The status of construction and expected operation start dates of other projects are less clear. Since these projects have roughly two years to be built after the auction, it is too early to say how many will be commissioned on time. According to the tender regulations, the start date of operation for awarded projects is flexible and can be modified free of penalties under certain circumstances (e.g. if the delay can be attributed to governmental authorities or if specified in the contact) (SENER, 2015a).
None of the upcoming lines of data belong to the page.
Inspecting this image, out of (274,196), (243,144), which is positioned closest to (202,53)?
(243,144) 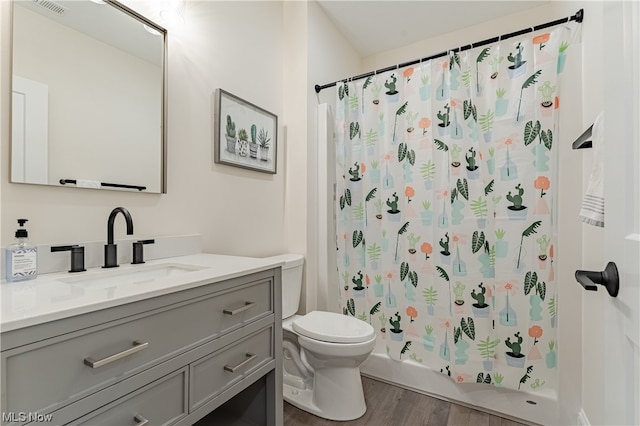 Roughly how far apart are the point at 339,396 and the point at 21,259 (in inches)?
58.9

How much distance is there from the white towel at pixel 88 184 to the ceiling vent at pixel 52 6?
0.59 m

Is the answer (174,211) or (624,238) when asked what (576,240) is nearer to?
(624,238)

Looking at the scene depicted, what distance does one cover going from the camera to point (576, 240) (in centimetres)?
147

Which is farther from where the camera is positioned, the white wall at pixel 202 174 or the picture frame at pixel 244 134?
the picture frame at pixel 244 134

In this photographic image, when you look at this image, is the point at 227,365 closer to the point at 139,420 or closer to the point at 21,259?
the point at 139,420

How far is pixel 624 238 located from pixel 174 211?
5.04ft

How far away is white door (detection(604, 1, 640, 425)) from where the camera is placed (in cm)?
53

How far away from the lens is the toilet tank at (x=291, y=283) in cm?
186

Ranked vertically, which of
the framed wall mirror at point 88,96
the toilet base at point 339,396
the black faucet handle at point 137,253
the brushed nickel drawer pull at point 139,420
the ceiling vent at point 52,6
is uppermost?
the ceiling vent at point 52,6

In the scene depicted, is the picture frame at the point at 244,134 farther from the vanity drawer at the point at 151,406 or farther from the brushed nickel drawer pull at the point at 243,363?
the vanity drawer at the point at 151,406

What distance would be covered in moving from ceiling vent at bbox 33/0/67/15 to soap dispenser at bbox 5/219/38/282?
0.74 m

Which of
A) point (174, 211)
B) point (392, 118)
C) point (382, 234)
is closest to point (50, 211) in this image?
point (174, 211)

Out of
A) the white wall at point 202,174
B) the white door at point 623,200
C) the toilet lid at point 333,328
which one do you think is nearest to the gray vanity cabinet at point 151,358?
the toilet lid at point 333,328

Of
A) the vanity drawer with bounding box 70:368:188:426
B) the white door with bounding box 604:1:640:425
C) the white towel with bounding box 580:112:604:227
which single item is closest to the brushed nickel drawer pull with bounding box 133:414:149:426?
the vanity drawer with bounding box 70:368:188:426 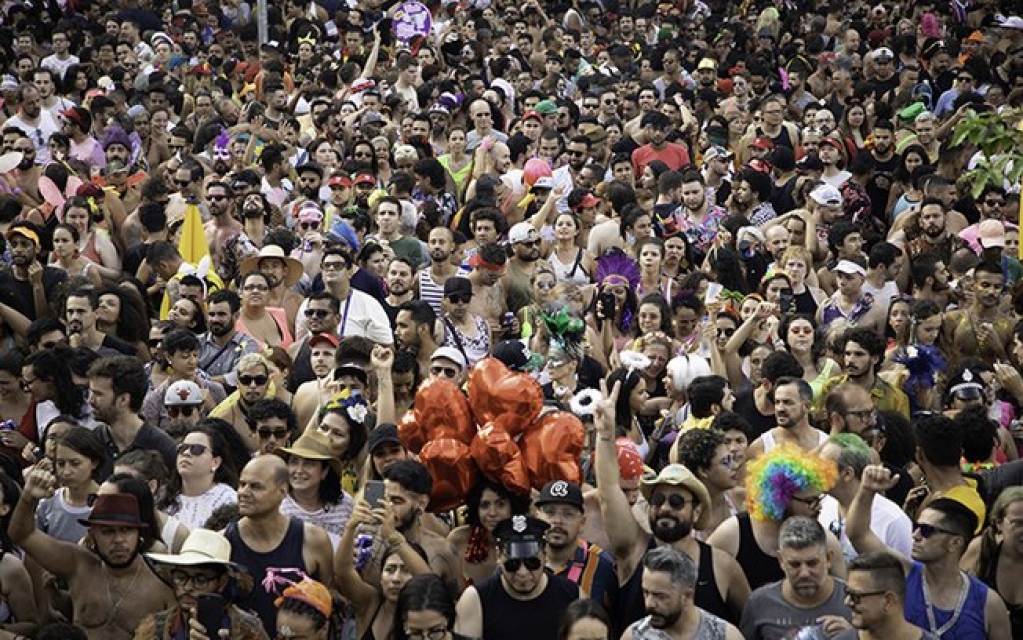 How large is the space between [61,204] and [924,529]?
7860 mm

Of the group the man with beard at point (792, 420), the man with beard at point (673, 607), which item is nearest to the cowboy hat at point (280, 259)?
the man with beard at point (792, 420)

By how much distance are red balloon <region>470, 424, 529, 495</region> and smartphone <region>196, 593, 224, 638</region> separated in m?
1.20

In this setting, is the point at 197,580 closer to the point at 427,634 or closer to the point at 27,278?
the point at 427,634

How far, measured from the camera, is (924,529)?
628 cm

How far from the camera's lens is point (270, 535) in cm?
652

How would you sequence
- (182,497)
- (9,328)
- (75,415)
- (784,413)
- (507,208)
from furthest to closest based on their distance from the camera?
(507,208), (9,328), (75,415), (784,413), (182,497)

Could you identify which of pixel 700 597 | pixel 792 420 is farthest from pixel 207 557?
pixel 792 420

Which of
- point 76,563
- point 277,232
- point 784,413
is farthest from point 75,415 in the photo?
point 784,413

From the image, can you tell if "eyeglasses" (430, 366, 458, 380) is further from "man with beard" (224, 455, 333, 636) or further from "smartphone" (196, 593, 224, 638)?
"smartphone" (196, 593, 224, 638)

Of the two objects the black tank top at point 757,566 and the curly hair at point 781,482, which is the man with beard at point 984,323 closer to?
the curly hair at point 781,482

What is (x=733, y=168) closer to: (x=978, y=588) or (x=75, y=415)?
(x=75, y=415)

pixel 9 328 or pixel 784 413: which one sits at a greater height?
pixel 784 413

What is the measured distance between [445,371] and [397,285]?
74.3 inches

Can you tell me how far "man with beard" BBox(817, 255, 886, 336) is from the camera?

Penalties for missing the start of the operation date include monthly payments of 5% of offered cost, plus an increase of 10% warranty for up to two years.

Our bottom-up calculations on the awarded projects from the first three long-term electricity auctions indicate that if all tendered projects get to operation—at least four years after their respective tendered year—Mexico would reach 33% renewable electricity generation in 2030. If Mexico continues to have annual tenders until 2030 in the same manner that they been happening—and assuming all these projects get built and operate—Mexico will still need efficient cogeneration and nuclear power to achieve its 2021 and 2024 clean energy targets.

Nevertheless, it remains unclear whether all awarded projects will be realised and if tenders will continue to happen in the future. Similar tender processes in other countries have shown that the award in a tender process does not necessarily lead to the fully timely project realisation.

Forestry

In its NDC, Mexico committed itself to unconditionally reduce GHG emissions from the forestry sector by 144% in 2030 from a BAU baseline (Government of Mexico, 2015). Unlike the commitments on other sectors this commitment was not included in the July 2018 reform to the General Climate Change Law (Government of Mexico, 2015).

Mexico’s REDD+ National Strategy 2017-2030 (ENAREDD+) established strategic action lines with the aim of promoting continued reduction of LULUCF emissions and achieving 0% net deforestation rate by 2030 (CONAFOR, 2017).

Waste

In its NDC, Mexico committed itself to unconditionally reduce GHG emissions from the waste sector by 28% in 2030 from a BAU baseline (Government of Mexico, 2015). This commitment has been added to the General Climate Change Law in its July 2018 reform (Government of Mexico, 2015).

GHG emissions from the waste sector have increased by more than 70% between 1990 and 2015 according to the most recent inventory data, making this sector with the highest emissions increase in this period.